Don’t forget to read my post A Guide To The Aventine Hill, Rome.
Terrazza del Gianicolo (Janiculum Terrace)
Janiculum Hill, or the Gianicolo, is the second-tallest hill in the city, but it’s not counted as one of the “traditional” Seven Hills of Rome. Atop this hill on the left bank of the Tiber, you’ll find the Parco del Gianicolo, which is also home to the Orto Botanico di Roma — the old botanical gardens tended to by the University of Rome.
It’s in this green space that you’ll find a sweeping belvedere in the form of the Gianicolo Terrace. Access to the Janiculum Terrace is actually easy via Trastevere too. It’s all uphill – you’ll be there when you find the massive Acqua Paola Fountain, one of the most impressive in town.
As the sun sinks below the horizon you will see the buildings of Rome painted orange and pink, making for a spectacular sunset spot (and one that’s popular with locals).
The Capitoline Hill is the location of the Capitoline Museums, as well as the Piazza del Campidoglio — the trapezoid-shaped public space designed by none other than Michelangelo, who was at the height of his fame at the time.
If you head around the rear of the Palazzo Senatorio, which faces the Piazza del Campidoglio, you’ll instead have a view over the Roman Forum and the Colosseum, which looks particularly wonderful come sunset.

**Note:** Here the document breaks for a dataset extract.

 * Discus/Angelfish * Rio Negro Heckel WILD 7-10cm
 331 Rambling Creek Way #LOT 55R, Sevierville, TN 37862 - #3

Also known as the Altar of the Fatherland, this controversial monument was originally built in 1885 for King Victor Immanuel II of Italy. Sometimes dubbed “the Wedding Cake” by locals, the sizeable building features several museums, as well as the Tomb of the Unknown Soldier.
Via staircases, visitors can get onto the upper terrace for free. There is also a higher spot which you can get to via an elevator (but for which you have to pay) and which is the highest point of the Vittoriano. Views from here out over the city below at sunset offer a unique tangle of dark silhouettes and shadows cast across the city streets, all on a backdrop of reds and oranges.
To get elevator tickets for the upper terrace, click here.
Despite the fact that many in Rome don’t appreciate this monument, whatever controversy there is can be forgiven and forgotten once you get to see the view, as it’s quite simply impressive.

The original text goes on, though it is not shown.